2 millions phishing sites and counting... with 40000 websites added each week.

https://transparencyreport.google.com/safe-browsing/overview...

I guess the automation started in 2007 or so.

Something similar I've just read in zero to one (by Blake Masters and Peter Thiel). Peter argues that computers can't replace humans - it'd be foolish to expect that at least for coming decades – strong AI replacing human is the problem of 22nd century. He proposes Complementarity and provides a successful implementation of this idea in PayPal fraud detection system way back in 2002 when purely automated detection algorithms were quickly overcome by determined fraudsters. He went on founding Palantir based on the same idea.

>>> In mid-2000, we had survived the dot-com crash and we were growing fast, but we faced one huge problem: we were losing upwards of $10 million to credit card fraud every month. Since we were processing hundreds or even thousands of transactions per minute, we couldn’t possibly review each one—no human quality control team could work that fast. So we did what any group of engineers would do: we tried to automate a solution. First, Max Levchin assembled an elite team of mathematicians to study the fraudulent transfers in detail. Then we took what we learned and wrote software to automatically identify and cancel bogus transactions in real time. But it quickly became clear that this approach wouldn’t work either: after an hour or two, the thieves would catch on and change their tactics. We were dealing with an adaptive enemy, and our software couldn’t adapt in response. The fraudsters’ adaptive evasions fooled our automatic detection algorithms, but we found that they didn’t fool our human analysts as easily. So Max and his engineers rewrote the software to take a hybrid approach: the computer would flag the most suspicious transactions on a well-designed user interface, and human operators would make the final judgment as to their legitimacy. Thanks to this hybrid system—we named it “Igor,” after the Russian fraudster who bragged that we’d never be able to stop him—we turned our first quarterly profit in the first quarter of 2002 (as opposed to a quarterly loss of $29.3 million one year before). The FBI asked us if we’d let them use Igor to help detect financial crime. And Max was able to boast, grandiosely but truthfully, that he was “the Sherlock Holmes of the Internet Underground.” This kind of man-machine symbiosis enabled PayPal to stay in business, which in turn enabled hundreds of thousands of small businesses to accept the payments they needed to thrive on the internet. None of it would have been possible without the man-machine solution—even though most people would never see it or even hear about it.
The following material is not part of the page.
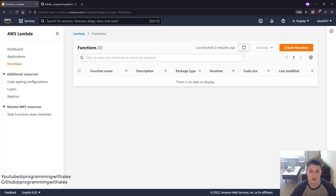That's it for this video. In the next video, we're going to walk through Docker image caching to speed up our CI/CD pipelines with GitHub Actions. Stay tuned for that one.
Liability was my first though. How is an assertion that a site contains malware not libel? Site would be easily able to demonstrate lost revenue.

Can someone dig out that old agreement to see if Google can be sued big time for this?

I doubt it but I must say it would make me happy and that would be weird because Schadenfreude normally isn't my thing.

> since then it seems that they have forgotten their fear of liability

They most likely have offloaded the liability to a “machine learning algorithm”. It’s easy for companies to point the finger at an algorithm instead of them taking responsibility.

  • Which then leads them to the awkward place of having to be transparent about how their algorithm work

    Either take responsibility, or be transparent.

    But we all want our cake and eat it

    • I take offense to this. Sure, I like to eat cake.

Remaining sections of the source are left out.